13. Match subgrouping

regex e("(abc)de+\\1");  // () () means a sub-group, and \1 means the content of the first group matches at this locationregex e("(abc)c(de+)\\2\\1");  // \2 It means that the content of the second group is matched here

14. Match the beginning of a string

regex e("^abc."); 
// ^ begin of the string FindabcThe beginning of the substring

15. Match the end of a string

regex e("abc.$");
// $ end of the string FindabcThe ending substring

The above is the writing of the most basic matching pattern. Usually if you want to match a specific character, you need to use \ for escape, such as "." in the matching string, then you should prepend the specific character in the matching string. The above basic rules are out. If the specific needs are not met, you can refer to this link. After understanding the basic matching patterns, you need to use regular expressions to match, find or replace them.

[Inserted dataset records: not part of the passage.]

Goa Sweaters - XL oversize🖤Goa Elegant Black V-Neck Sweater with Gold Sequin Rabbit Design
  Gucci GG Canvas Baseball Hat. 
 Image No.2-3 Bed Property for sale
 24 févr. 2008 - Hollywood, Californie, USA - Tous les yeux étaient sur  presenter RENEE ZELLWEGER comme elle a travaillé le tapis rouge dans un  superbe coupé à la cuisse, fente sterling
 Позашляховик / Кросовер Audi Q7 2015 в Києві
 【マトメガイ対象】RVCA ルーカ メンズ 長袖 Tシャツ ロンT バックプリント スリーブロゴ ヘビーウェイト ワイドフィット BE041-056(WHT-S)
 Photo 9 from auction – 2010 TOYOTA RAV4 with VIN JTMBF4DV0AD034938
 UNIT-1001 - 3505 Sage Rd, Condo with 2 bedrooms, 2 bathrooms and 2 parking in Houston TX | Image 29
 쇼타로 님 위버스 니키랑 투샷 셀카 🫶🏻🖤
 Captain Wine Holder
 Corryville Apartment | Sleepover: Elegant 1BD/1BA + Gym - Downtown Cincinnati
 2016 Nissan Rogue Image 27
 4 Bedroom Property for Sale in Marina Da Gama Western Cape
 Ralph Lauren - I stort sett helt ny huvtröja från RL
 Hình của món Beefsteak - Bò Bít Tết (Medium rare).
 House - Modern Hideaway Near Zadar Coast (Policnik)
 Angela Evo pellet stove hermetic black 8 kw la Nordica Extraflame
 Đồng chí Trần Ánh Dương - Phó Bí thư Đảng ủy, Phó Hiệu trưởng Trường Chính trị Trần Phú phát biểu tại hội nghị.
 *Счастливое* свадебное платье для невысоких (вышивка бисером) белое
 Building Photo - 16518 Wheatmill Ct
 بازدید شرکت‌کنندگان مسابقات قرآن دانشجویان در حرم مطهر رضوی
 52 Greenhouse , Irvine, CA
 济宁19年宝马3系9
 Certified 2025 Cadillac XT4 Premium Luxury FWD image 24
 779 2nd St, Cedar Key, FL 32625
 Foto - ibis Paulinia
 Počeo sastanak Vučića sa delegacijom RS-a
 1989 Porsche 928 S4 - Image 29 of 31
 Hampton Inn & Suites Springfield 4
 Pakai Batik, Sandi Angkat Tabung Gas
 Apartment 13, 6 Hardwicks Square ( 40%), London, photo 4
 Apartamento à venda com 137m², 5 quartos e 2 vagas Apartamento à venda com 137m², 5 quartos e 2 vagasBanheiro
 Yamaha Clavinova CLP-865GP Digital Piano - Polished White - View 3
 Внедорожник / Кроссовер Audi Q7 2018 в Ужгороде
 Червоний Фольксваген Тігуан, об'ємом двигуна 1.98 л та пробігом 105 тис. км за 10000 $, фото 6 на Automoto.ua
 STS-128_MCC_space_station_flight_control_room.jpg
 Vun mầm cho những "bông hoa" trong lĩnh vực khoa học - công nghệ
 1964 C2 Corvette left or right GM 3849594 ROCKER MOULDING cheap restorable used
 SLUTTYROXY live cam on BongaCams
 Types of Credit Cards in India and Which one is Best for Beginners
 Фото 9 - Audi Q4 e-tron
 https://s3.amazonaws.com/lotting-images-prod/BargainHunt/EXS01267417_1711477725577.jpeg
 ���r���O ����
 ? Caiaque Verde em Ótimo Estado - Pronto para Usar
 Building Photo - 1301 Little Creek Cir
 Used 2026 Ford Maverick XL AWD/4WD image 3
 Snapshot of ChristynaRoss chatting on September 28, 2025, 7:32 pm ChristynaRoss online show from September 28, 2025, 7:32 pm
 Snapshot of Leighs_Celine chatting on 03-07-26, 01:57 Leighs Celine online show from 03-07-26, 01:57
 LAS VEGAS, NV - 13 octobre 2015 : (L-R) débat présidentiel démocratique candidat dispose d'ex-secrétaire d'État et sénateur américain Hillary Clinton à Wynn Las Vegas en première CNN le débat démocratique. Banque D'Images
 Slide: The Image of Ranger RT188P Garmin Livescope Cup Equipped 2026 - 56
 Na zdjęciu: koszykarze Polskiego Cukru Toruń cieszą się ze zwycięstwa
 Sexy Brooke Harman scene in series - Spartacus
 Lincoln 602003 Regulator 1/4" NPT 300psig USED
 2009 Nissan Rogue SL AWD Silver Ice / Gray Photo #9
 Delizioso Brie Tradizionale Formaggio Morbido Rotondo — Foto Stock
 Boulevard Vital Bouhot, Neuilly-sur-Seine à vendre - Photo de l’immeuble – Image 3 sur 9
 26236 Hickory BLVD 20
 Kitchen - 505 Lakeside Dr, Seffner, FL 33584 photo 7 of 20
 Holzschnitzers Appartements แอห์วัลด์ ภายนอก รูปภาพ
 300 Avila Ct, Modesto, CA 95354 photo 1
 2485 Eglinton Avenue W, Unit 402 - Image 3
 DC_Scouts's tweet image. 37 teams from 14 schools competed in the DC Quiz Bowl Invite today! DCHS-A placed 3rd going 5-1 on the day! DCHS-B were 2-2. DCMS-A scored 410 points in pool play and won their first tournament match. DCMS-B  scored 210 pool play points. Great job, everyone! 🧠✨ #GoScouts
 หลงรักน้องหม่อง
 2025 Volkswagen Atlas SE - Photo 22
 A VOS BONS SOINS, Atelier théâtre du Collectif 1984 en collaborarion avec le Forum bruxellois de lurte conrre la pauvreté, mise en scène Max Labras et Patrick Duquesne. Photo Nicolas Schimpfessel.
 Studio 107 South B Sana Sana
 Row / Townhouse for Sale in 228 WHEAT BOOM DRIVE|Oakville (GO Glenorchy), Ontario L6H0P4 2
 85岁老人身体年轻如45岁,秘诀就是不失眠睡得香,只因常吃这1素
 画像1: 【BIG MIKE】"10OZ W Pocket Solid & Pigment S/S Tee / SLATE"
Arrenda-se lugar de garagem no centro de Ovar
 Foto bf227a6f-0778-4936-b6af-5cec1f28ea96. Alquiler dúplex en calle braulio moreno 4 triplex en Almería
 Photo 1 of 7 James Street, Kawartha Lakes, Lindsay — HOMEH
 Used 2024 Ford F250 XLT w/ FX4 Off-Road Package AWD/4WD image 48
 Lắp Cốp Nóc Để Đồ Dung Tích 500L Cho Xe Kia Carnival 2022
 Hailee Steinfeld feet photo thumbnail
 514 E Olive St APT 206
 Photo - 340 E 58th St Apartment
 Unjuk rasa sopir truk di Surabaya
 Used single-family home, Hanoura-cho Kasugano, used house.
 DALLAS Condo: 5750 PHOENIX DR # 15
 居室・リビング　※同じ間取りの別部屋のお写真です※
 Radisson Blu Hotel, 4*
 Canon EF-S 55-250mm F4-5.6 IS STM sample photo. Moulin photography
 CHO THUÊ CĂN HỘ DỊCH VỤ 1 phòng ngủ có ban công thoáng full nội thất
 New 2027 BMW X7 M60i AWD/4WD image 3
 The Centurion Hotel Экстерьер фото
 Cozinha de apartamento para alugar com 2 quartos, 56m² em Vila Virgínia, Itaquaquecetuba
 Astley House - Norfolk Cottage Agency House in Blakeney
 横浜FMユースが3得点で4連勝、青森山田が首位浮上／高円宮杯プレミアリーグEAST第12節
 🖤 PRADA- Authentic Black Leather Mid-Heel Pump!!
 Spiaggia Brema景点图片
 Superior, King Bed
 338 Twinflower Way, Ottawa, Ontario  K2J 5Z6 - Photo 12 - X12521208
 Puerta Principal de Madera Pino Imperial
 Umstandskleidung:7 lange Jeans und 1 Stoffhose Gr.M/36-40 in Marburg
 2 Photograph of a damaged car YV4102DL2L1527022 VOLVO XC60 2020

Regular matching, search and substitution

After writing the pattern string, you need to match the string to be matched with the pattern string by certain rules. It includes three methods: matching (regex_match), search (regex_search), and replacement (regex_replace).

Matching is very simple. You can directly pass the string to be matched and the pattern string into the regex_match, and return a bool quantity to indicate whether the string to be matched meets the rules of the pattern string. Match the entire str string.

bool match = regex_match(str, e);
// Match the entire stringstr

Search is a substring that finds and satisfies the pattern string throughout the string. That is, as long as there is a satisfactory pattern string in str, it will return true.

bool match = regex_search(str, e);
// Find stringsstrMedium matcheSubstrings of rules

But in many cases, it is not enough to just return a matching bool quantity, and we need to get the matching substring. Then you need to group the matching strings in the pattern string, refer to the [Basic Rules for Matching Strings] point 12. Then pass the flash into regex_search to get the string that satisfies each subgroup.

smatch m;
bool found = regex_search(str, m, e);
for (int n = 0; n < (); ++n)
  {
    cout << "m[" << n << "].str()=" << m[n].str() << endl;
  }

Replacement is also done in grouping based on pattern strings.

cout << regex_replace(str, e, "$1 is on $2");

At this time, "is on" will be added in the middle of the string that satisfies group 1 and group 2.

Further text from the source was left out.